According to Ripple, leaders from the banking, fintech, corporate and asset management sector have made it clear that the “digital asset revolution is happening now”.
“Digital assets are quickly becoming a cornerstone of financial services, underpinned by progressive regulation, growing interest from Tier-1 banks, a steady consumer shift from banks to fintech providers, and booming stablecoin adoption,” Ripple says.
The survey was conducted in early 2026 and the findings released in March.
Stablecoin Boon or Bane?
Ripple has experienced significant success in the stablecoin sector since launching its Ripple USD (RLUSD) stablecoin in 2024.
With a market cap of $1.56 billion, it is considered a major regulated player in the market.
No doubt the platform was pleased to learn through its own survey that financial leaders were most bullish about stablecoins.
Roughly three-quarters of respondents believed they could boost cash-flow efficiency and unlock trapped working capital.
Ripple noted that finance leaders were thinking about stablecoins as more than “just a new way to execute payments”; instead, they viewed them as effective tools for treasury management.
In March 2026, Ripple began testing a new trade finance model built around RLUSD in a bid to increase the speed of cross-border payments.
The pilot initiative, developed alongside supply chain finance company Unloq [https://unloq.com], is running on the XRP Ledger inside a testing framework developed by the Monetary Authority of Singapore.
The Asian city-state is one of the platform’s biggest growth markets.
The idea behind the project is to see whether stablecoin-based settlement can streamline trade finance, too often hampered by reliance on intermediaries and slow reconciliation.
The only potential drawback is that if the initiative takes off, the Ripple to USD price could be negatively affected.
Ripple has always championed its native XRP token as a bridge asset, the “middleman” in the process of a financial institution turning dollars in the US into pounds in the UK, for example.
Ripple converts dollars into XRP and then back into pounds.
If RLUSD can do exactly the same thing, questions will be asked about XRP’s relevance.
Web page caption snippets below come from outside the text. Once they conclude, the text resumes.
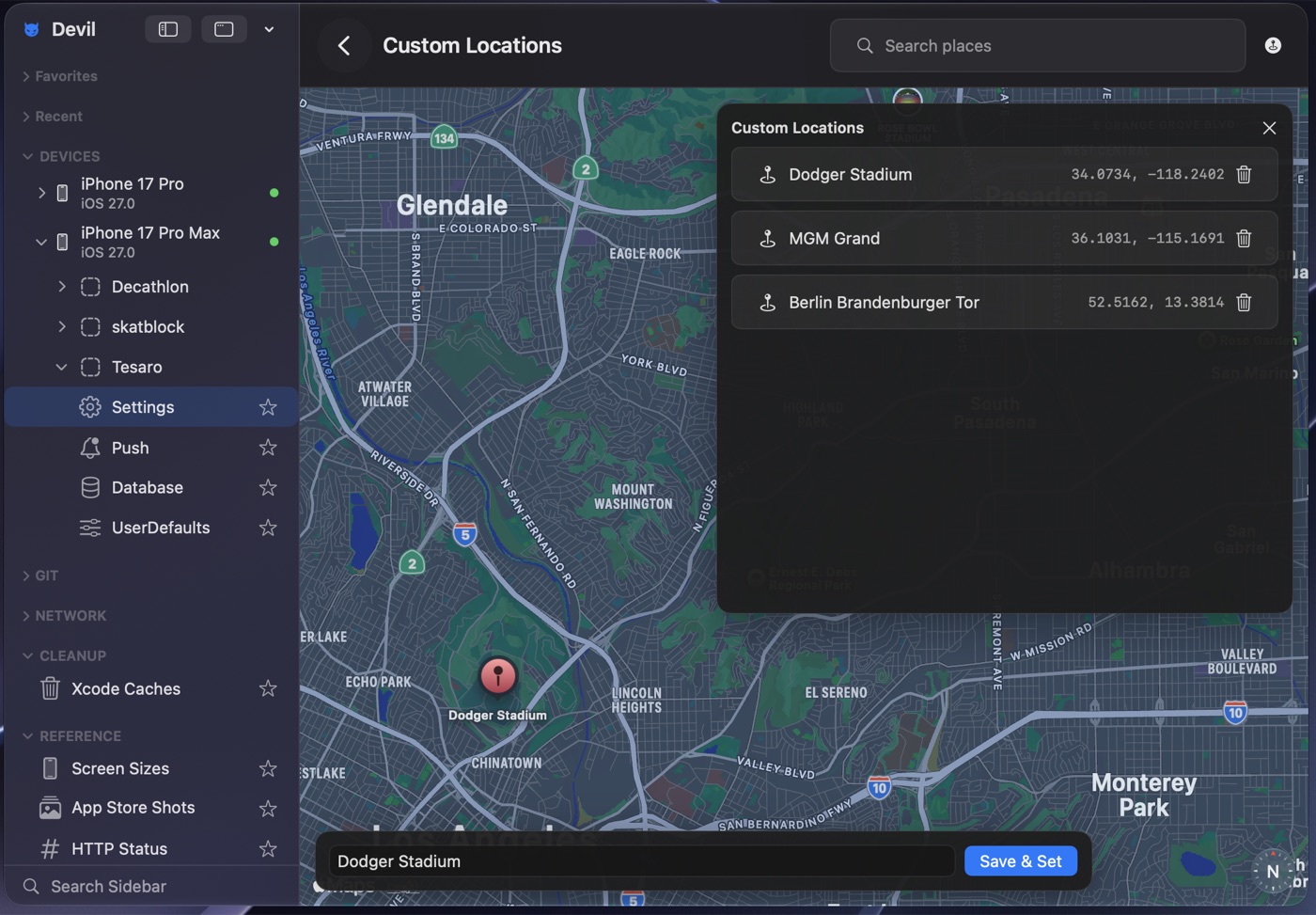 Devil Custom Locations page with a map of Los Angeles, a pin dropped on Dodger Stadium, a place search field, and a saved list holding Dodger Stadium, MGM Grand and Berlin Brandenburger Tor with their coordinates.
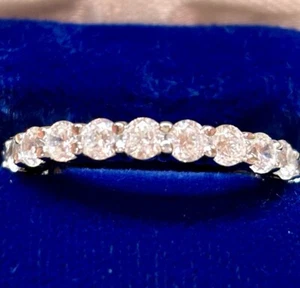 14K massiver Weißgold 2 kt runder Moissanit volle Ewigkeit Hochzeit/Jubiläum Ring - Bild 1 von 4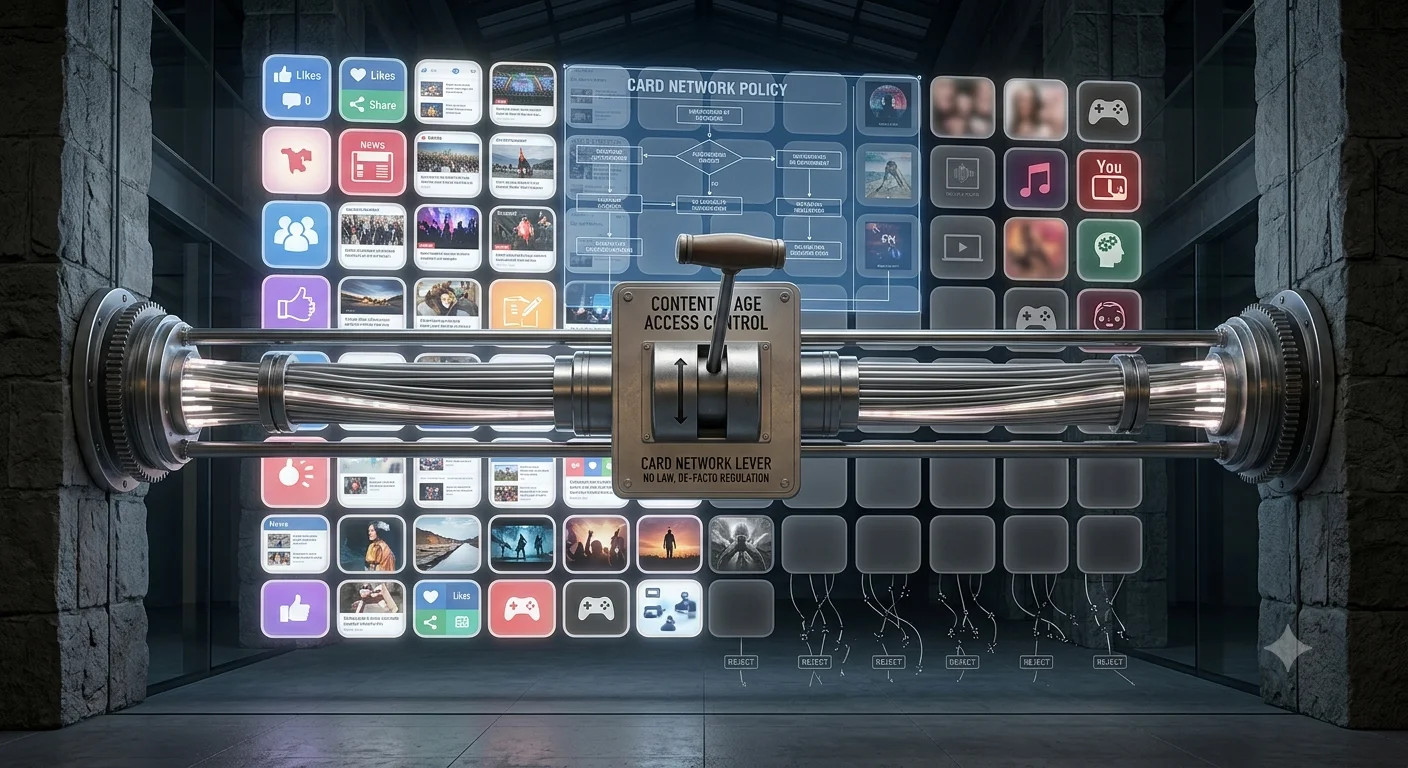 An abstract payment-card rail acting as a gate in front of a stream of platform content, illustrating how card networks have become a de facto age and content regulator that platforms try to satisfy with a single credit-card-on-file checkbox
That is a bridge Ripple will have to cross if it gets to that point.
Tokenisation Partners
Another interesting finding from Ripple’s survey is that most banks and asset managers are seeking tokenisation partners to help execute their strategies.
Some 89% of respondents said digital asset storage and custody were top priority. “Token servicing/lifecycle management also ranks highly for banks at 82%, while asset managers place greater emphasis on primary distribution at 80%,” Ripple found.
The survey also revealed that just more than half of fintechs and financial institutions want an infrastructure provider that can offer a “one-stop-shop solution”. This rose to 71% among corporate financial leaders.
Ripple attributes this to institutions and firms wanting uncomplicated, cohesive systems.
Infrastructure Rules
In its final analysis, Ripple says companies across the board are looking for partners and solutions that are “secure, compliant, battle-tested and that enable growth and execution”.
“The message is clear: infrastructure decisions made today will shape competitive positioning tomorrow.”
No surprise that this is precisely where Ripple is placing much of its focus.